▶ [Exercise]:
Please filter the listing for the string "field" and copy each matching line.

▶ [Entries provided]:

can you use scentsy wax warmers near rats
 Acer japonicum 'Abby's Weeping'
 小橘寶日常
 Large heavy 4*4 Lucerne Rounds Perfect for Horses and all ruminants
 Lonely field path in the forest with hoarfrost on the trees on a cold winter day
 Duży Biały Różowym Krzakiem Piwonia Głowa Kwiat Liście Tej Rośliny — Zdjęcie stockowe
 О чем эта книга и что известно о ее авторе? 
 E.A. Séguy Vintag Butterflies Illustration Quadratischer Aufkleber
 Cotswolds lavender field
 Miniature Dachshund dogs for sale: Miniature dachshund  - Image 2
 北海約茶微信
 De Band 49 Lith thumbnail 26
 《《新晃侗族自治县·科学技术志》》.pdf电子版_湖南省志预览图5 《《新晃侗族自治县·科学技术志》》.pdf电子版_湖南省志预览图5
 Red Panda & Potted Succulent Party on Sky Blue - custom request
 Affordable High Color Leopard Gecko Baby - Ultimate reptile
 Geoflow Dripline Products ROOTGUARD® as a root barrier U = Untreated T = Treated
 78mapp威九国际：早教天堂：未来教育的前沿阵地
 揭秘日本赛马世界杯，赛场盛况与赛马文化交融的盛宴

▶ [Expected output]:
 Lonely field path in the forest with hoarfrost on the trees on a cold winter day
 Cotswolds lavender field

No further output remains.